Post # 1
I am comepletely freeaking out right now. Before we even got engaged FI decided that we wanted an adult wedding and really did not want to invite children, especially those under the age of 5. Once we got engaged I made it clear to my sister that my nephew (who will be 6 at the wedding) could be the ring bearer becase he was so excited and he is a pretty calm kid and that if she had another child before then (we had a 2 year engagement) she would need to find a sitter. No problem.
Then she got pregnant with my younger nephew. I told her you know I will love him but no babies. Same thing throughout our entire engagement. As we got closer to the wedding suddenly its wrong for me not to invite my youngest nephew. I offered to pay for child care and pay for a hotel nearby for the sitter but I guess no one but herself or my mom and watch him (not even family members who were not going to the wedding or her friends). The wedding is about 40 min from our hometown which is why I offered to pay for anyone she wanted to come to watch him. She refuses every suggestion I make.
Meanwhile several members of FI family wont make it bc they have small children and he told them they could not come. Not to mention the fact that his very religios parents begged me to cover my arms and shoulders for the ceremony but FI and I did not want me to do that so we stood our ground. Now he feels its unfair for us to accomodate my sister and not his parents or other family members. Not to mention the fact that we really dont want babies there.

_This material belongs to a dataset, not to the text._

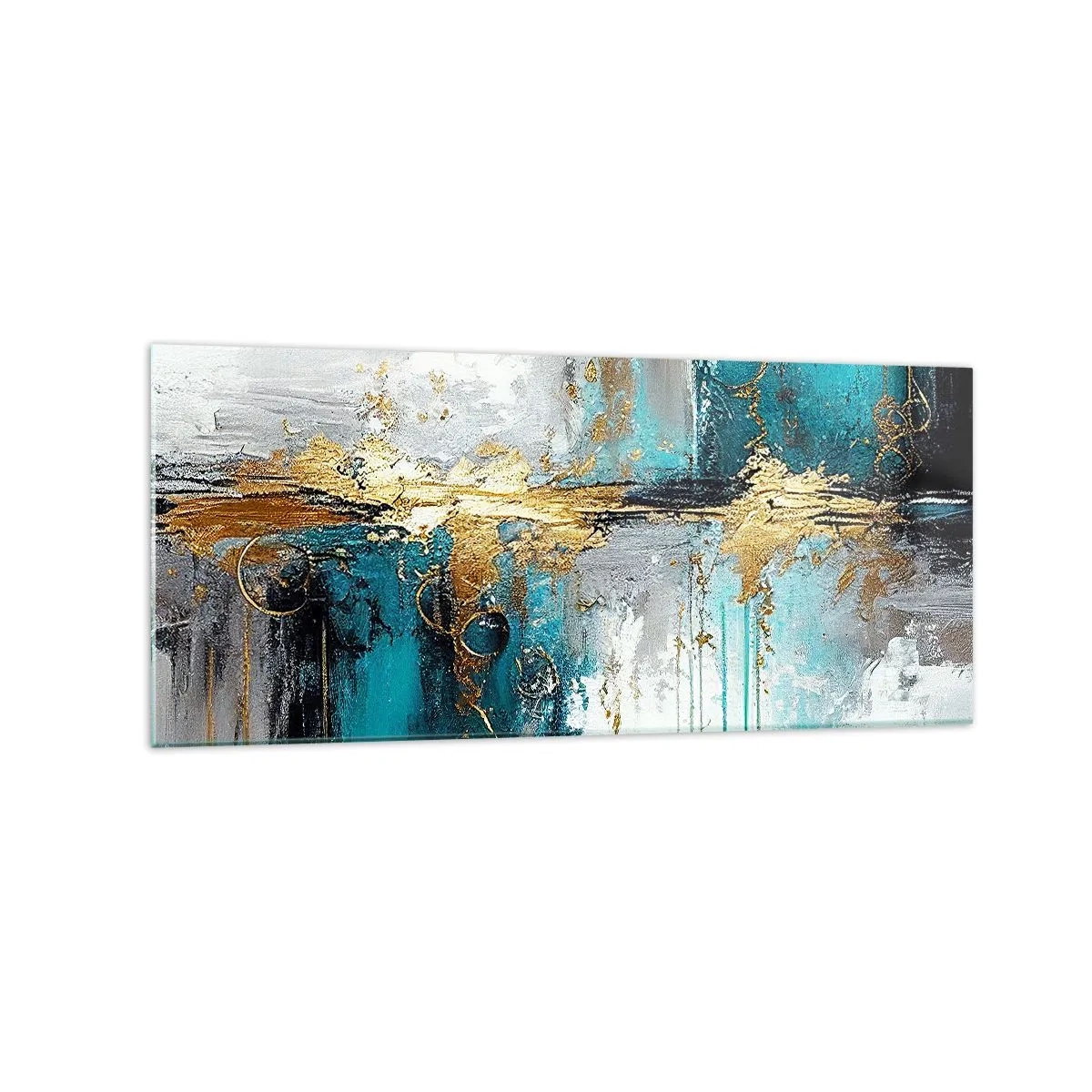 Impression sur verre - Image sur verre - Une composition abstraite aux accents turquoise et dorés. - 120x50cm - Tout coule - Décoration murale moderne pour le salon et la chambre ARTTOR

My sister is saying that if she cant bring the baby my other nephew cant be in the wedding, the boys will stay home with their dad and she will come just for the ceremony and leave. My mom is telling her to just bring him anyway and FI and I keep arguing bc he thinks we should stick to what we agreed to no matter what. I just dont know what to do. Everyone is making me out to be the bad guy but I just dont know how to please everyone. Im three weeks away from my wedding and I have so much stress but I cant help bt worry about this bc I love my sister and I want her to be by my side on my wedding day but its FI wedding too and he also has to be happy. I just dont know what to do…
Post # 3
That is so stressful, I’m sorry you have to be going through that so close to the wedding! Me and Fi have decided no kids at our wedding either, and are getting major flack about it. My advice is to continue to stand your ground, continue telling them that it is your wedding, and what you say goes. It is completely reasonable that you don’t want babies there, and many people choose to go that route! You are not the bad guy for making a choice that many people have to make when they have babies/young kids in their family.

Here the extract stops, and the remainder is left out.